A dita frase é: "A educação não pode modificar muitas condições objetivas, mas sim pode conseguir mudar a maneira como os indivíduos encaram as condições objetivas".
Fica, então, a pergunta: estaríamos na mesma situação da célebre piada do indivíduo que fez vinte anos de psicanálise para deixar de fazer xixi na cama e, ao final do tratamento, continuou a fazer xixi na cama mas agora sabendo por quê?
Se a Educação não pode modificar muitas (certamente as mais decisivas) das condições objetivas que, no caso da Saúde Coletiva, estão associadas às nossas precárias condições de saúde e de (qualidade de) vida, de que adianta os indivíduos encararem mais objetiva e claramente as ditas condições? Seria a Educação em Saúde, então, um empreendimento talvez belo, mas pragmaticamente inútil?
Na verdade, os referenciais teóricos que carregam consigo antinomias do tipo: condições objetivas versus condições subjetivas andam meio envelhecidos e sem muita força explicativa, em um mundo que é mais complexo do que se imaginava.
De qualquer forma, permanece, entre os educadores atuando na Saúde Coletiva, um grande sentimento de frustração quando se consegue, às vezes até em grande escala, a tal "participação" ou "mobilização" da comunidade (mesmo que não se saiba muito bem o que este último termo queira dizer, entre nós) e as coisas continuam iguais ou senão piores do que antes.

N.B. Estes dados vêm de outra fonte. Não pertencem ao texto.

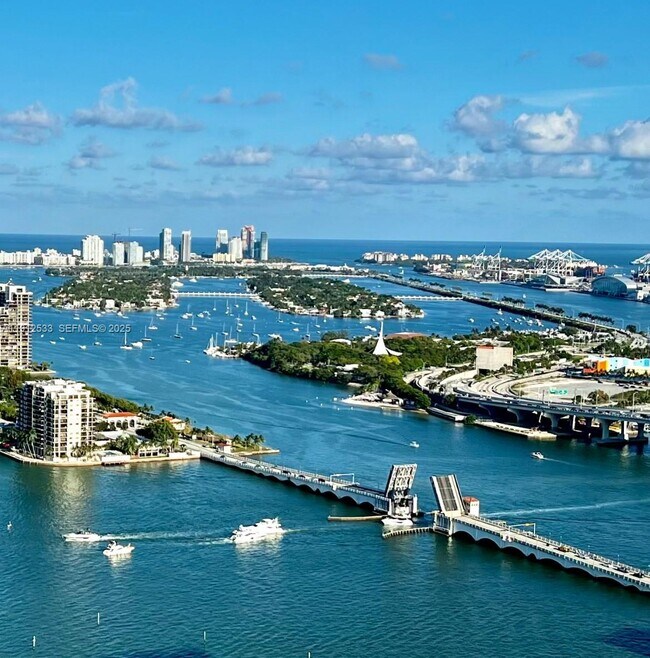 Aria on the Bay unit 12, Miami, FL 33132 - photo 2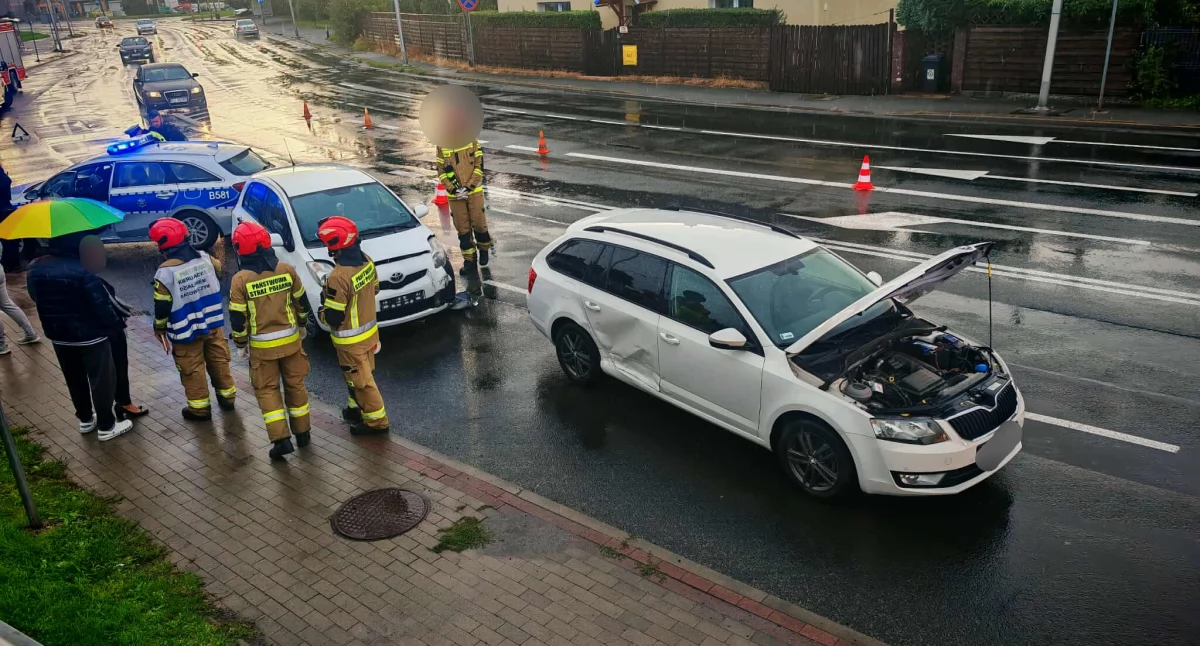 Utrudnienia w ruchu po zderzeniu Toyoty ze Skodą na ulicy Wolności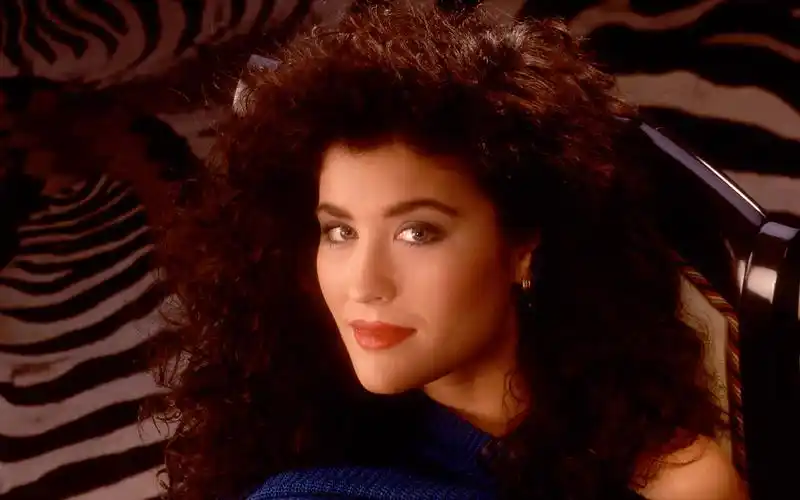 壁纸分辨率:(1920x1200)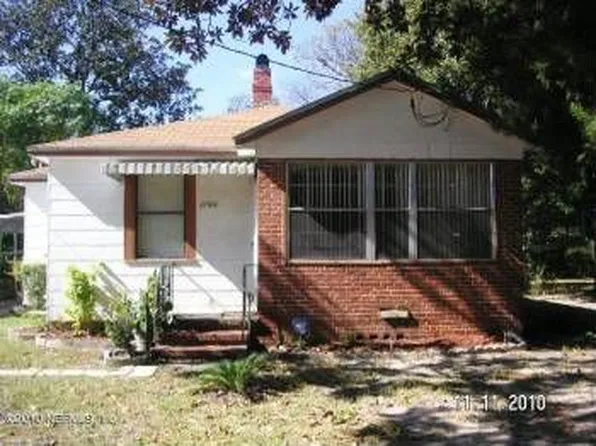 6746 N Pearl St, Jacksonville, FL 32208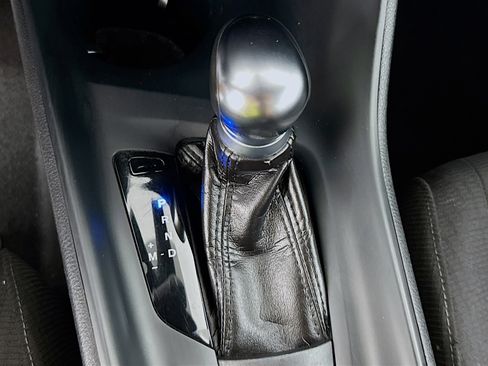Used 2019 Toyota C-HR LE FWD image 19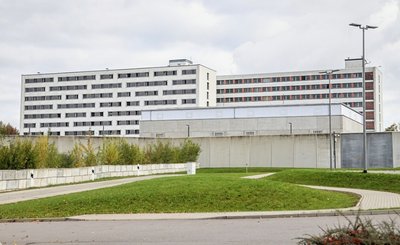 Die Justizvollzugsanstalt für Frauen von außen an der Thalheimer Straße in Chemnitz - in der Einrichtung die Thalheimerin Maria Claus ehrenamtlich in der Flüchtlingshilfe tätig. 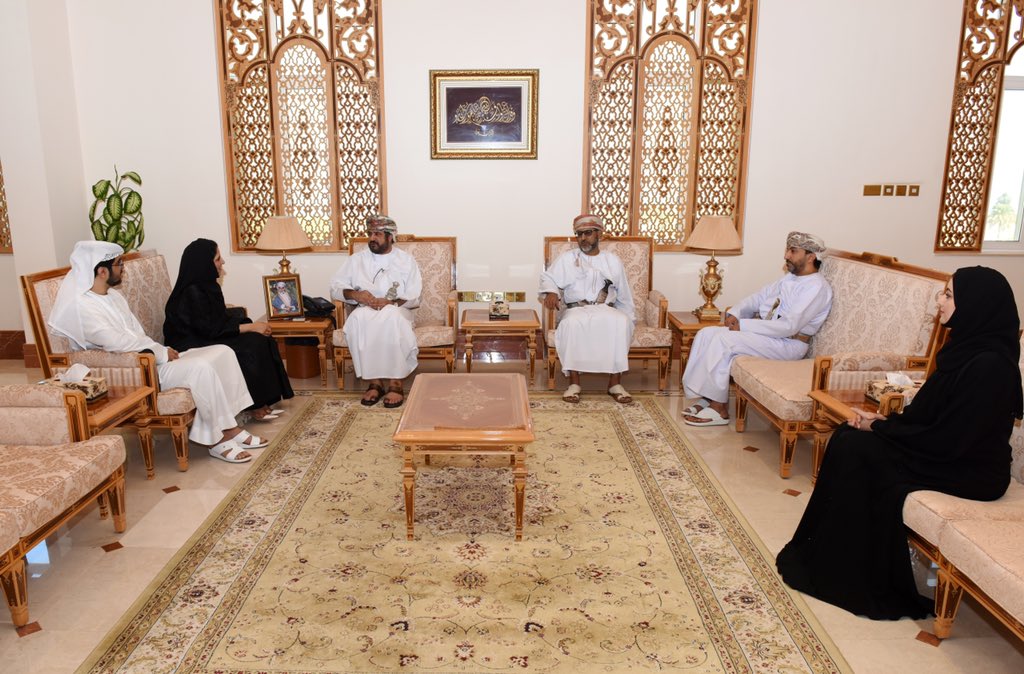 معالي الشيخ وزير الخدمة المدنية يستقبل سعادة مريم الحمادي أمين عام جائزة التميز الحكومي العربي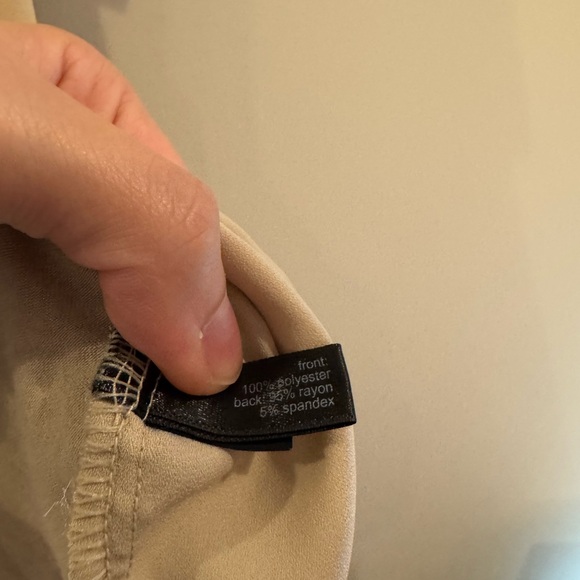 The Limited Tan Short Sleeve Top! - Picture 7 of 7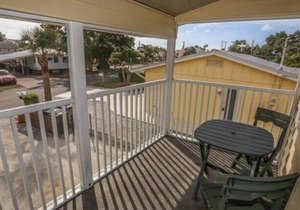 Remodeled, cozy beach home only steps to beach, town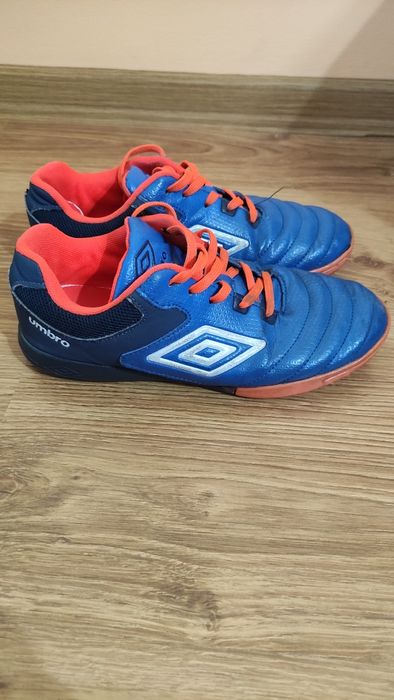 Umbro футболни стоножки 34 номер
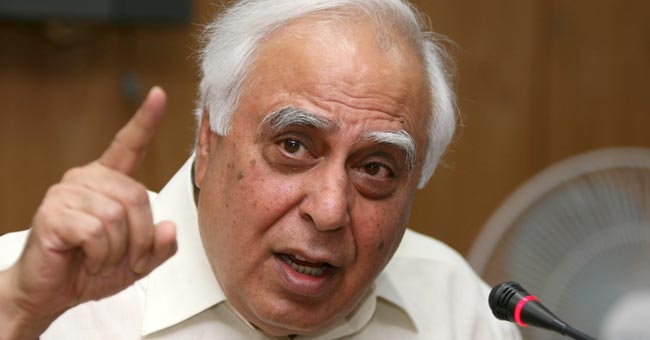 27 फरवरी 2013: तस्‍वीरों में दिनभर की अहम खबरें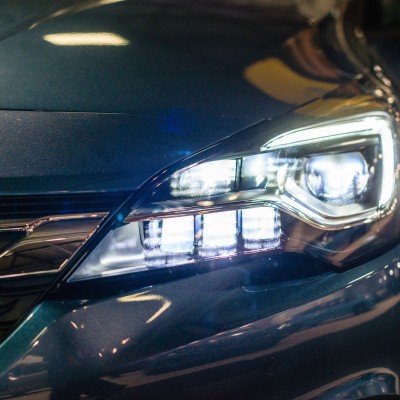 Πόσο κοστίζει να βάλω φώτα LED στο αυτοκίνητο;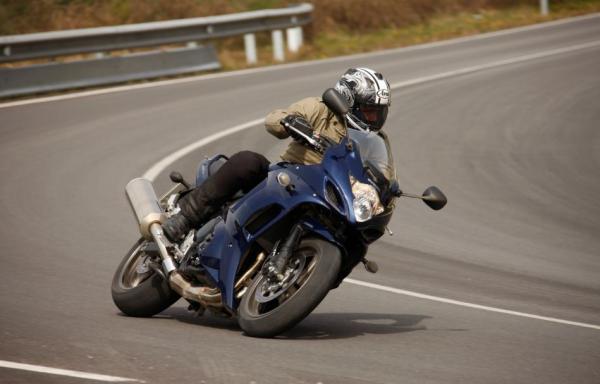 First Ride: 2010 Suzuki GSX1250FA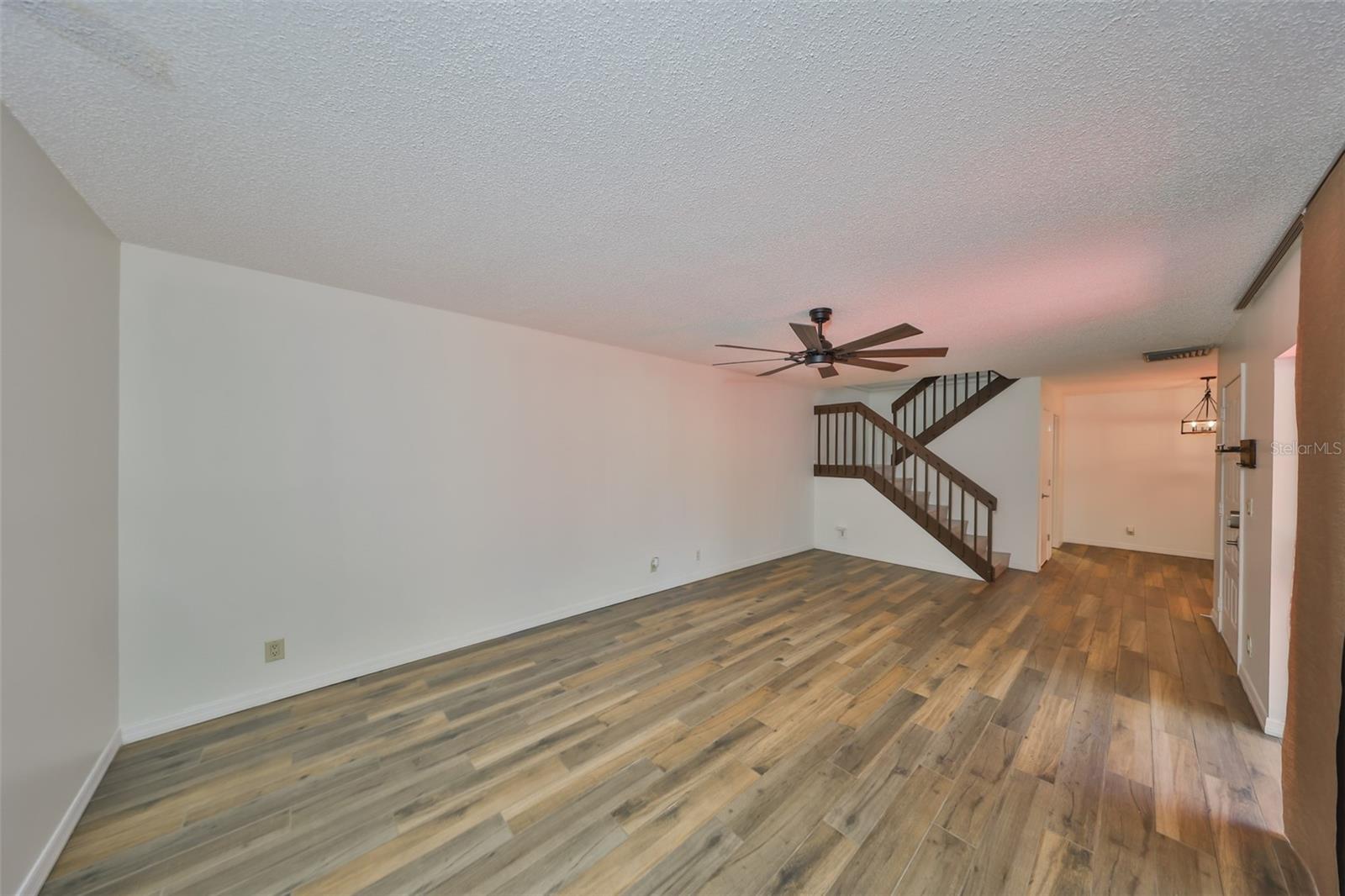 Image 10 of 40 For 2627 2nd Court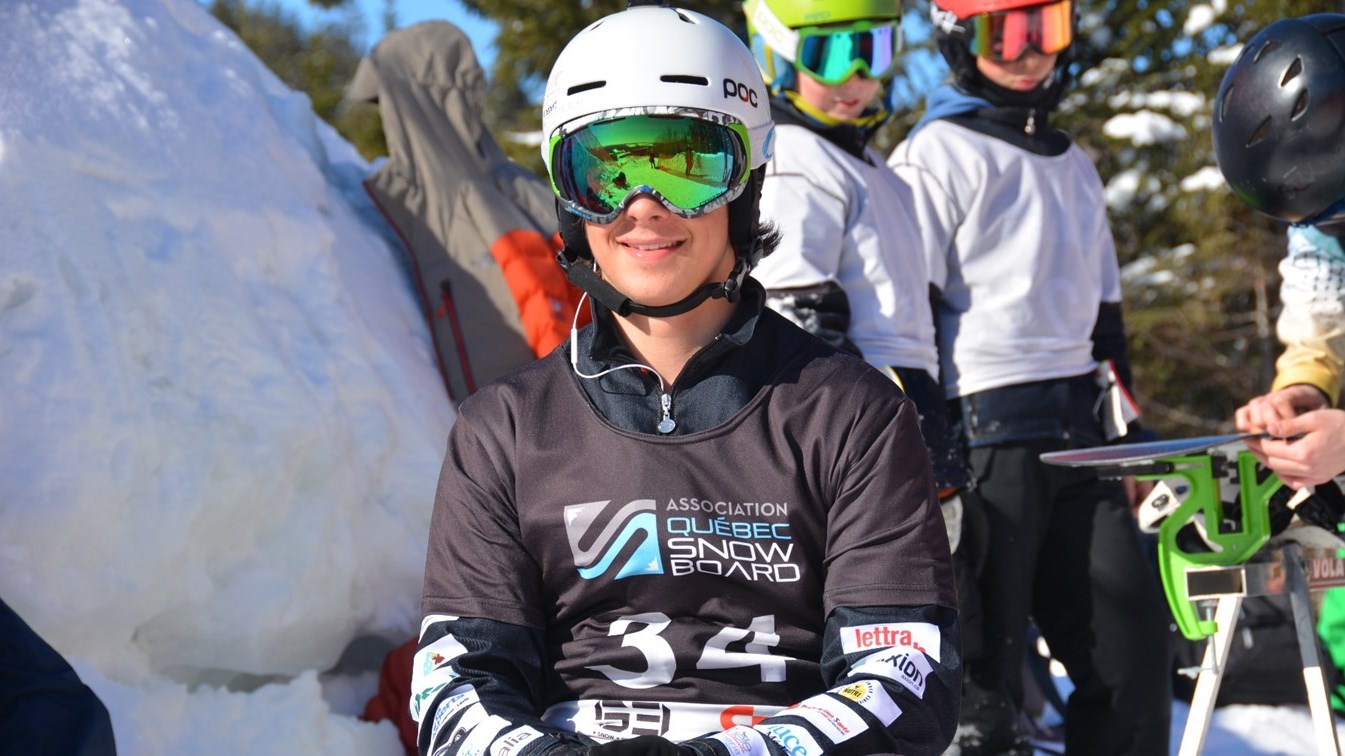 L'athlète de Sainte-Marie en snowboard cross Eliot Grondin.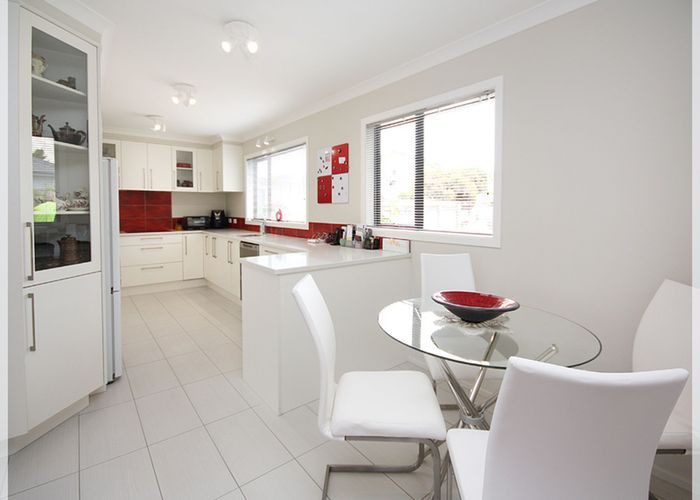  at 14 Adrian Grove, Waikanae Beach, Waikanae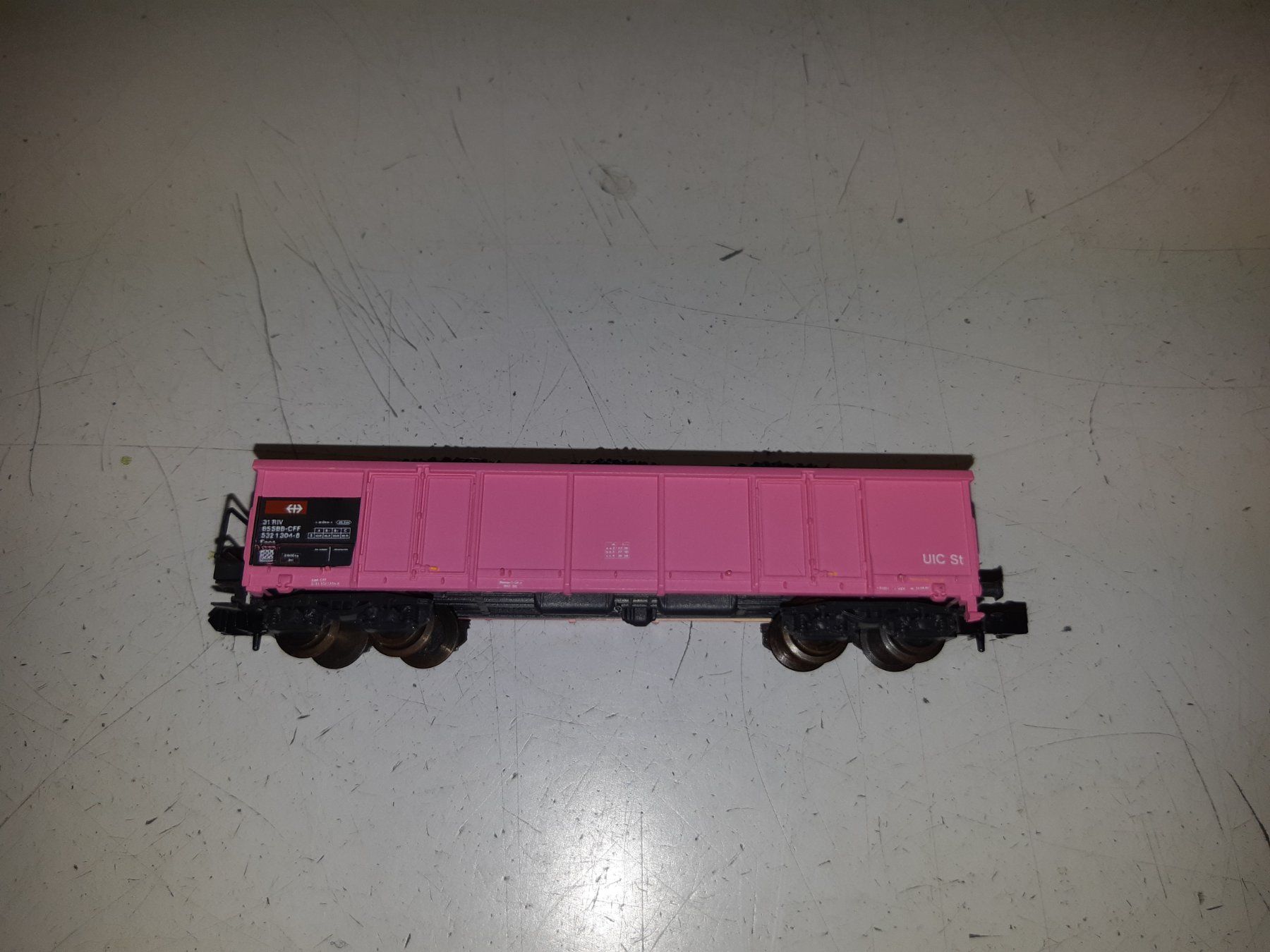 Roco Modellini di ferrovie: SBB Güterwagen pink Spur N, Roco 25169 – Nuovo (secondo la descrizione) da Mitlödi venduto da blackgnat79 1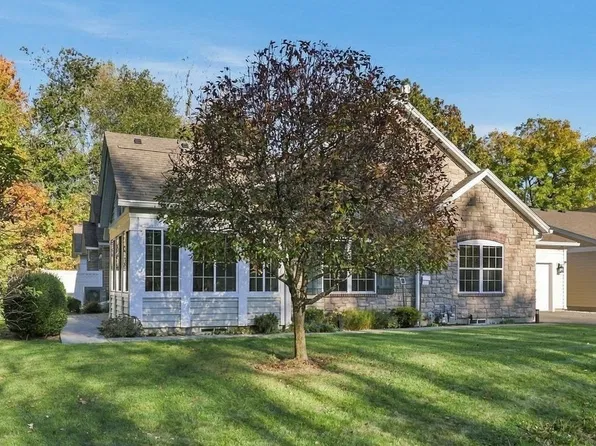 168 Stonybrook Way #168, South Hadley, MA 01075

O problema então, me parece, reside - como a modernidade e a pós-modernidade estão nos ensinando - em "mudar de crise": não é a educação que está em crise mas, de maneira muito mais ampla, todas as "missões salvadoras".
Uma das importantes conseqüências desta crise mais ampla para a Educação em Saúde seria então a de que não há nada nem ninguém "a ser salvo", mesmo por uma Educação revista, comunitária, dialógica, participativa, porque a própria idéia de "salvação" - sejam quais forem os agentes, individuais ou coletivos, ou as modalidades desta ação "salvadora" - parece, no fundo, uma "naïvité" de que todos, em alguma medida, fomos vítimas.
Se não é para "salvar", para que serve então a Educação em Saúde, vista, convém assinalar, de maneira perfeitamente correta pelo Professor Briceño-León?
Por mais frustrante que isto possa parecer, a Educação em Saúde - junto com as demais "educações" - não "serve" para nada, porque "servir" implica, sempre, um ou vários "servidores" (públicos ou privados, não importa) e, conseqüentemente, em "missões", e tudo isso não existe mais hoje em dia (salvo para os pobres de espírito que acreditam que os Estados, os Governos, a Mitsubishi, a Microsoft, o Banco Econômico, a Bayer, têm alguma "missão" que não seja a de preservar a si mesmos e a seus interesses mesquinhos).
O que sobra, então, para a Educação em Saúde? A meu ver, para os que a praticam, o indeclinável dever de jogar mensagens dentro de garrafas no mar imenso da aldeia global, já que não há mais pastores a conduzir o rebanho humano, posto que, ou todos somos pastores, ou todos somos rebanho.